A nurse working for U.S. Immigration and Customs Enforcement (ICE) opened up about the horrors she allegedly witnessed while on the job. In a complaint filed Monday (September 14) with the Homeland Security Department’s internal watchdog, nurse Dawn Wooten and several advocacy groups accused a Georgia immigration detention center of performing “questionable hysterectomies” on unsuspecting detainees, according to The Associated Press (AP). Wooten also said the facility refused to test migrants for COVID-19 and shredded their medical records.
The complaint to the Homeland Security Department’s internal watchdog relies on accounts of Dawn Wooten, who worked full-time as a licensed practical nurse at the Irwin County Detention Center until July, when she was demoted to work as needed.

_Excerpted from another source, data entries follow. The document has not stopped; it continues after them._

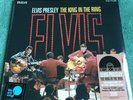 ELVIS PRESLEY -The King In the Ring  RSD 2018 LP Vinyl New  190758118314
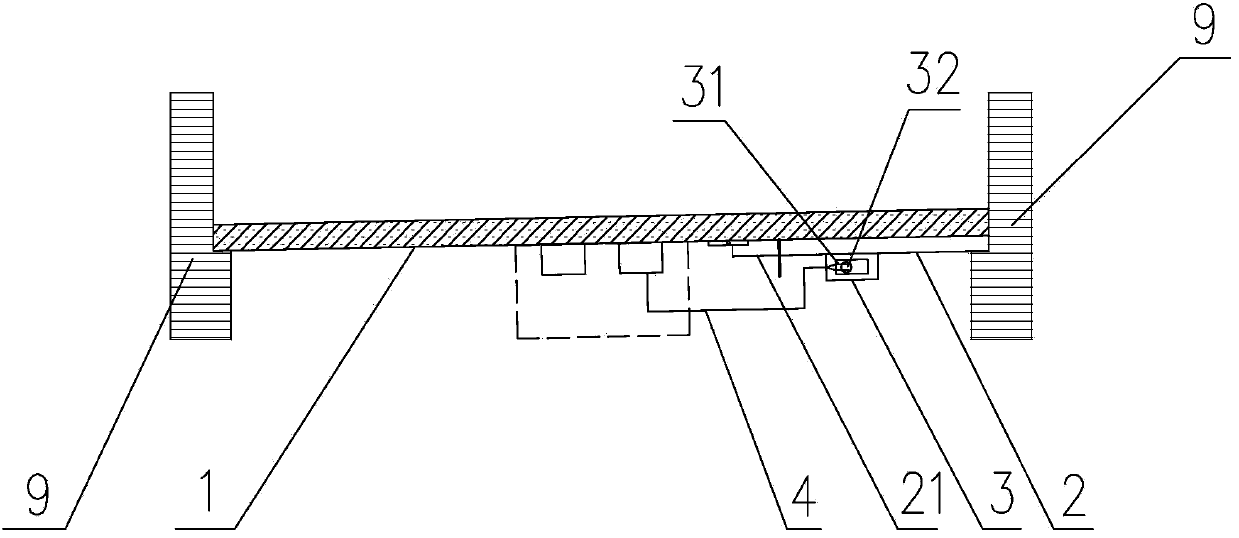 Well lid monitoring and warning system and method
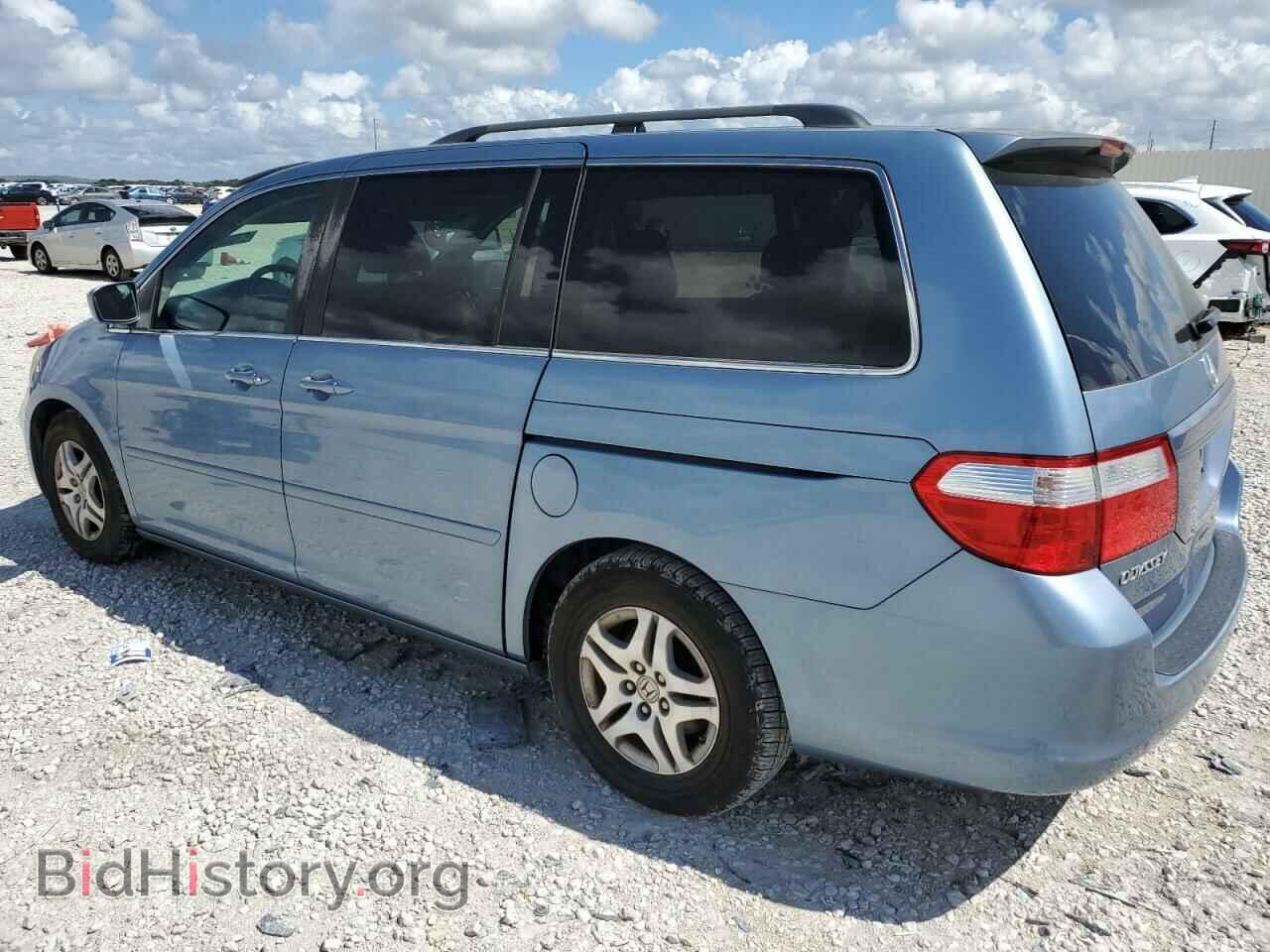2007 HONDA All Models - VIN: 5FNRL38737B082089 - Фото 2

Wooten, whose claims are so far unsubstantiated, refers to one gynecologist who works outside the facility as “the uterus collector,” according to the complaint. “Everybody he sees has a hysterectomy — just about everybody,” Wooten said. “He’s even taken out the wrong ovary on a young lady.”

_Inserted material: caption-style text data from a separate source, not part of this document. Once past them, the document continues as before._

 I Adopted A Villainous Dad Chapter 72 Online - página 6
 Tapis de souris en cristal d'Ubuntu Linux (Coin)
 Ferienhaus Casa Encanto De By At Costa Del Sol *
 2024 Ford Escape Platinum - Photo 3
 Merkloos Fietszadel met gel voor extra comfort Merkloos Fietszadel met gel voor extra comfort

I am horrified by reports that immigrant women trapped in ICE detention centers are being subjected to forced and coerced hysterectomies. Immigrants are human beings with autonomy and rights, not bodies to be experimented on, and one’s documentation status should not change that.— Alexis McGill Johnson (@alexismcgill) September 14, 2020
Congresswoman Nancy Pelosi (California-D), Speaker of the House of Representatives, also weighed in on the accusations and called for an immediate investigation into the matter:
If true, the appalling conditions described at an ICE detention facility — including allegations of mass hysterectomies performed on immigrant women — are a staggering abuse of human rights. @DHSOIG must immediately investigate these allegations. https://t.co/Rkr3yLt54r— Nancy Pelosi (@SpeakerPelosi) September 15, 2020
Wooten expressed uncertainly in her complaint over whether or not detained women consented to surgeries. “These immigrant women, I don’t think they really, totally, all the way understand this is what’s going to happen depending on who explains it to them,” she says in the complaint.
According to AP:
The facility in Ocilla, [about 160 miles] south of Atlanta, houses men and women detainees for U.S. Immigration and Customs Enforcement, as well as inmates for the U.S. Marshals Service and Irwin County.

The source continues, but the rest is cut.